ASSIGNMENT: Take the line containing "Semi-Detached House for" through the last line of the data and retype those lines exactly. Pictures do not belong in the copy.

Extracted records
+-------+
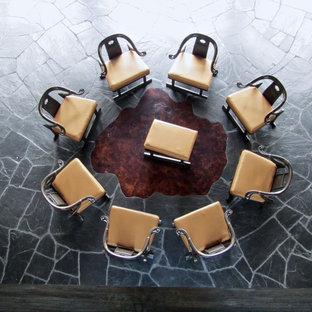 Immagine di un patio o portico etnico in cortile e di medie dimensioni con pavimentazioni in pietra naturale e un gazebo o capanno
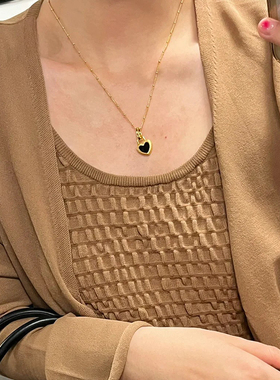 钛钢项链 经典黑白双面戴爱心项链女高级感小众设计百搭锁骨链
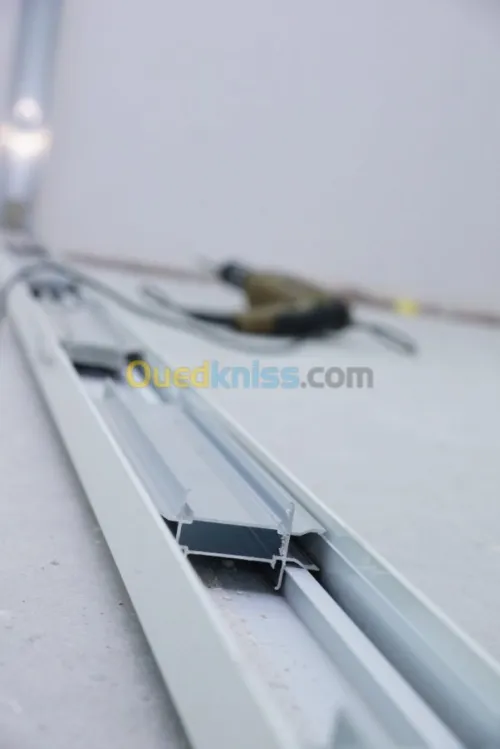 Cloison de bureaux en alu CLIPPER 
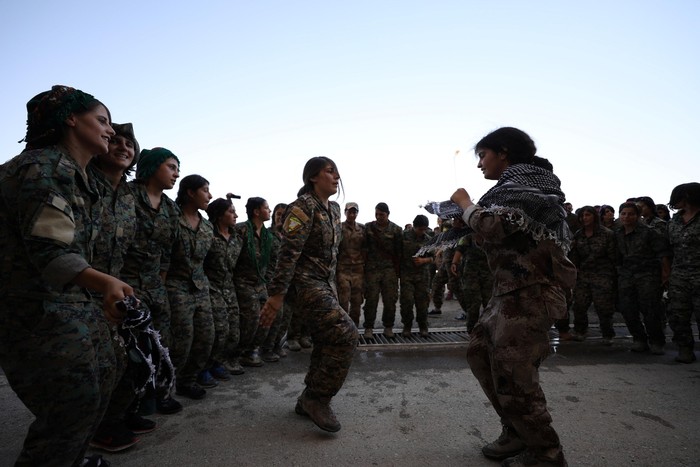 Foto Melihat Tentara Wanita Di Medan Perang Suriah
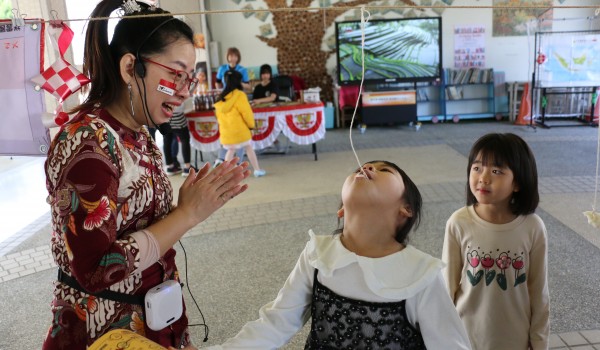 114年度臺中市立大道國民中學新住民學習中心 瑞峰國小多元文化國際日—印尼文化體驗與認識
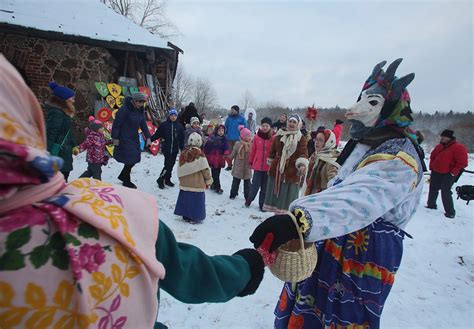 Что такое колядки и когда колядуют, история и традиции праздника | РБК Life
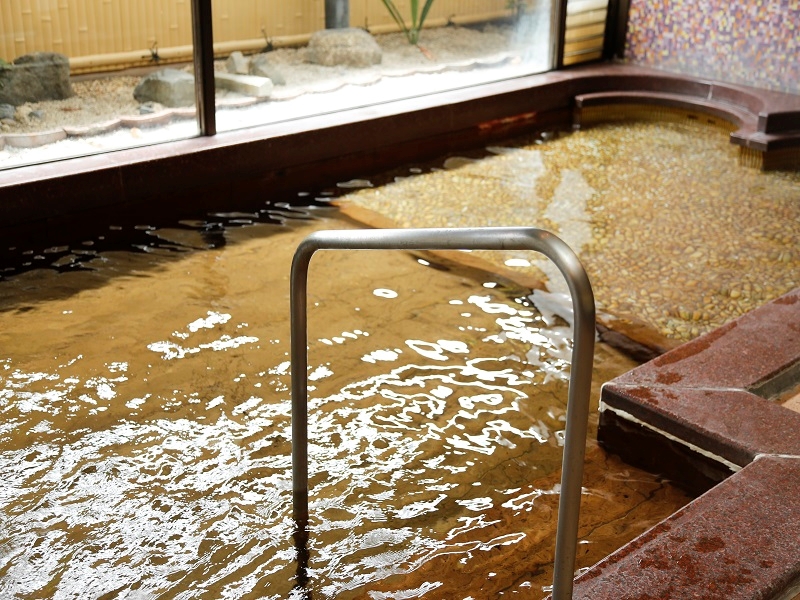 湯舟に入るときには、手すりもございます。(段差はございます)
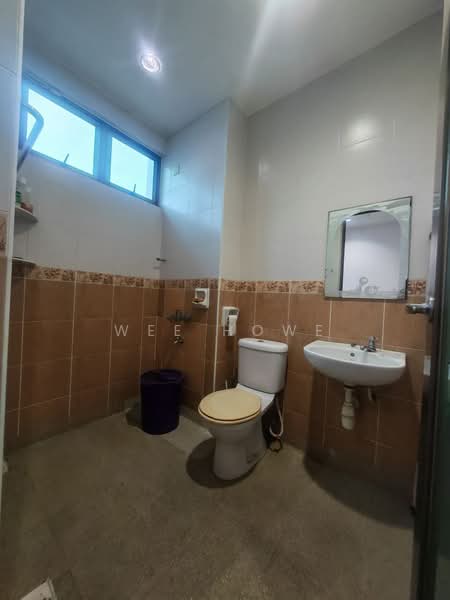 Semi-Detached House for Sale in Taman Sutera Utama (Skudai) - Wee Howe - Bathroom - PropertyGuru.com.my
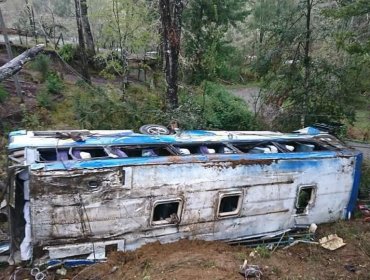 Una mujer fallecida y 34 heridos deja grave accidente en Osorno: bus desbarrancó en el sector Loma de la Piedra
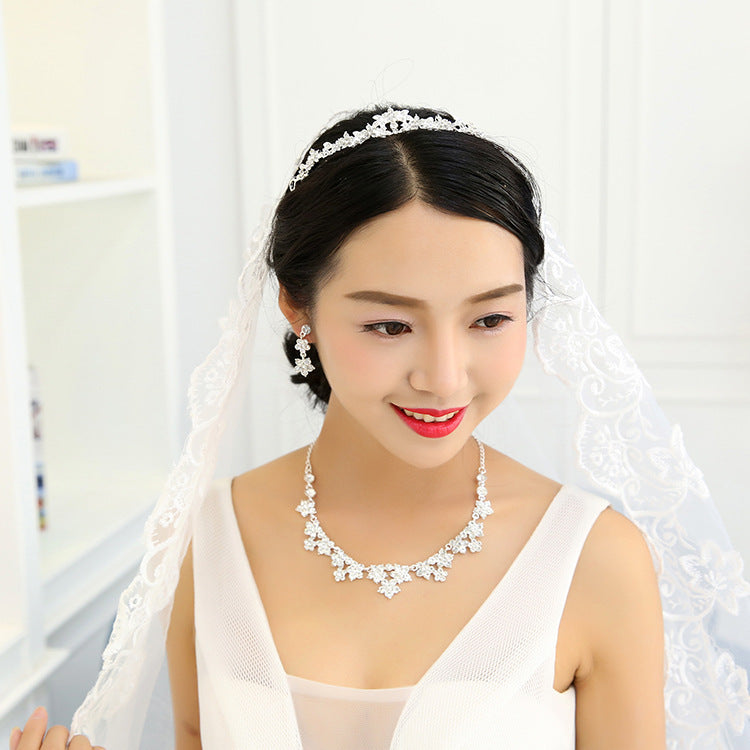 Direct supply of Korean crystal necklace, two sets of bridal jewelry set, fast selling pass for special purpose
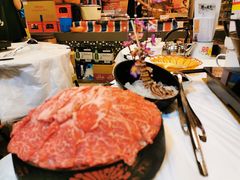 -鲜入围煮花胶鸡海鲜火锅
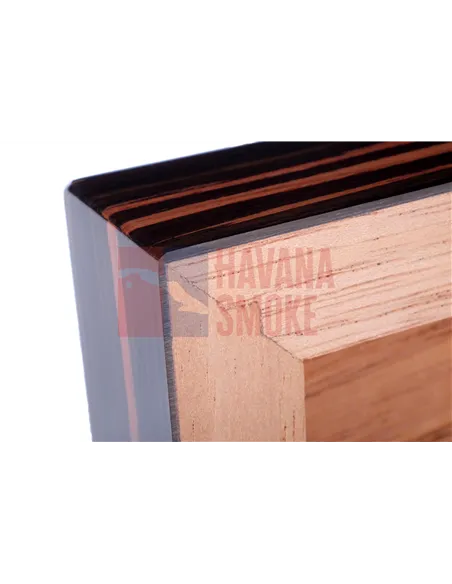 Хьюмидор Howard Miller 810-025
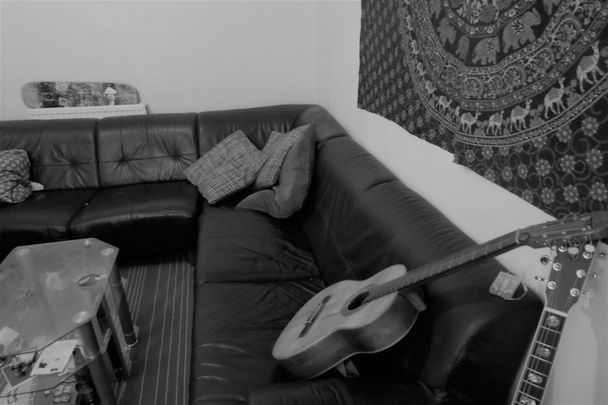 4 bedroom House in Welton Place, Leeds - Photo 1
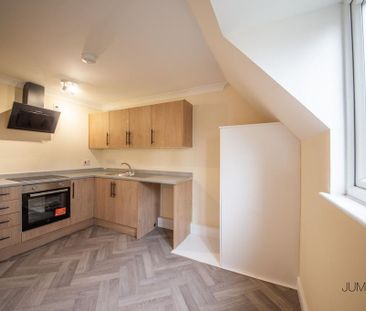 2 bedroom flat to rent - Photo 3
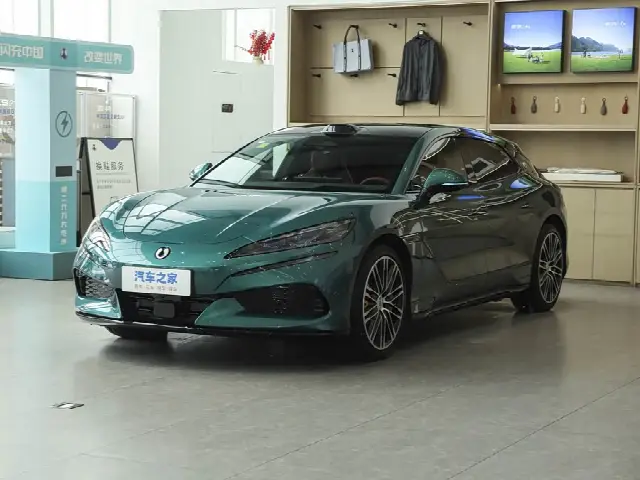 Denza Z9GT 2026, новый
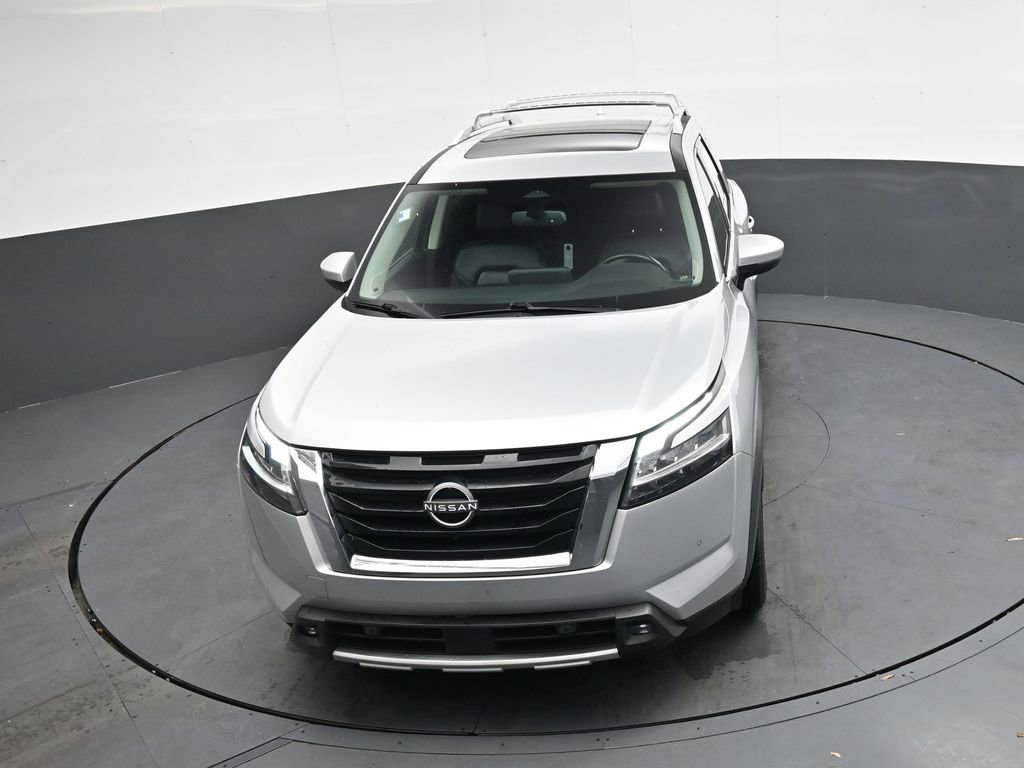 Used 2022 Nissan Pathfinder SL w/ SL Premium Package image 38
+-------+
REPLY TO THE EXERCISE:
 Semi-Detached House for Sale in Taman Sutera Utama (Skudai) - Wee Howe - Bathroom - PropertyGuru.com.my
 Una mujer fallecida y 34 heridos deja grave accidente en Osorno: bus desbarrancó en el sector Loma de la Piedra
 Direct supply of Korean crystal necklace, two sets of bridal jewelry set, fast selling pass for special purpose
 -鲜入围煮花胶鸡海鲜火锅
 Хьюмидор Howard Miller 810-025
 4 bedroom House in Welton Place, Leeds - Photo 1
 2 bedroom flat to rent - Photo 3
 Denza Z9GT 2026, новый
 Used 2022 Nissan Pathfinder SL w/ SL Premium Package image 38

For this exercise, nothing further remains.